The story of my meandering yet mighty life-long love for Nick Cave begins here, sometime around my 15th birthday.
During my early music fan years at the beginning of the 90s, I embarked on an experimental jaunt through a myriad of artists and genres, from synth pop to classic rock to lyrical balladry to pop-punk and beyond. Apart from David Bowie and the Pet Shop Boys, most of these would be relegated to my personal fannish history once I discovered the UK indie music scene in 1992 and set up my fandom home there.
Nick Cave and the Bad Seeds are a strange exception to this rule. Anyone who has perused my All The Gigs Of My Life series would know that they are one of my all time favourite bands, and have provided some of the most stunningly brilliant live experiences of my life. But my journey to becoming a fan was a long one.
My first encounter with Nick began in 1990, when “The Ship Song” started to appear on the music video shows I obsessively watched every weekend. Who was this sombre, black-haired man at the piano, singing this sad and beautiful song while tiny kids twirled around him, with his seriously besuited band providing mournful backing vocals? There was something so deeply rich and soothing about this song, this voice, even though the lyrics seemed both calming and unsettling simultaneously, speaking as they do of a time “when I must remove your wings and you must try to fly”.
I bought the song on cassingle. I liked other songs I heard from the album, like the darkly comic “The Weeping Song”, and I remember pausing several times in record stores to look at “The Good Son” and contemplate buying it. So why did I neglect to do so? What stopped me from immediately devouring the back catalogue of Nick Cave and The Bad Seeds and adding Nick to my pantheon of faves, to stand alongside Bowie as my new rock god?
The answer is this song.
The video to “The Mercy Seat” would often appear on Australia’s weekend music video show Rage in the rustling 2am of a Saturday or Sunday morning. I have vivid memories of watching it at these times, alone in the living room while the rest of the house slept, seeing Nick, staring up emaciated from his prison cell mumbling something incoherent about “dead row”. Those stumbling violins coalescing into that squall like the hinges of an ancient door opening onto apocalypse. Those skeletal piano chords taking hold and then the stuttering machine gun fire of percussion as Nick informs us, in his voice like the certainty of eternity, that “the mercy seat is waiting”. The repeated line “I am not afraid to die” taking us to the terrifying crescendo where it’s as though you can actually hear the electric chair scorching the life out of the narrator. Gentle reader, I was bloody terrified of this song.
Don’t get me wrong – as much as it scared the life out of me, I was profoundly struck by this song’s genius. It may have sent chills through to the darkest corners of my 15 year old soul, but I still watched wide-eyed and riveted whenever it appeared on my TV. I just could not quite yet embrace it into my heart, so that meant I could not yet embrace Nick into the realm of my music collection and onto the walls of my bedroom alongside Bowie.

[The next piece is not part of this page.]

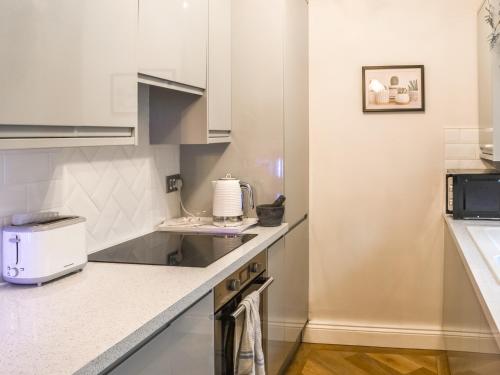 a kitchen with white cabinets and a counter top at Nala's Cottage in Skegness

So it would be a while before my true Nick Cave fandom took hold. In a few years’ time I would get the chance to see the band live at the Big Day Out in 1993, and by this time I was fully able to acknowledge “The Mercy Seat” as one of the greatest songs ever recorded. But it wasn’t until 1998 that I would become a full and fierce fan of Nick Cave and the Bad Seeds and begin collecting all their albums. I was in a dark era of depression that year, and so the sounds that had terrified me eight years previously were now transformed into something soothing and comforting. The songs seemed to mirror my inner distress and so, in a small way, set it free from the confines of my mind.
I may never have had a lightening bolt moment with Nick Cave and the Bad Seeds, as I did with other bands like the Manic Street Preachers or Mansun, where all of a sudden they were my new favourite band in the world and nothing else mattered apart from hearing more of their songs. My love for this band, and for the genius of Nick himself, grew slowly and steadily throughout my life. But in some ways, that makes it even more rock-solid. Nick Cave and the Bad Seeds are without a doubt one of the most important bands of them all to me, and Nick himself remains, to this day, a hugely inspiring figure in my life.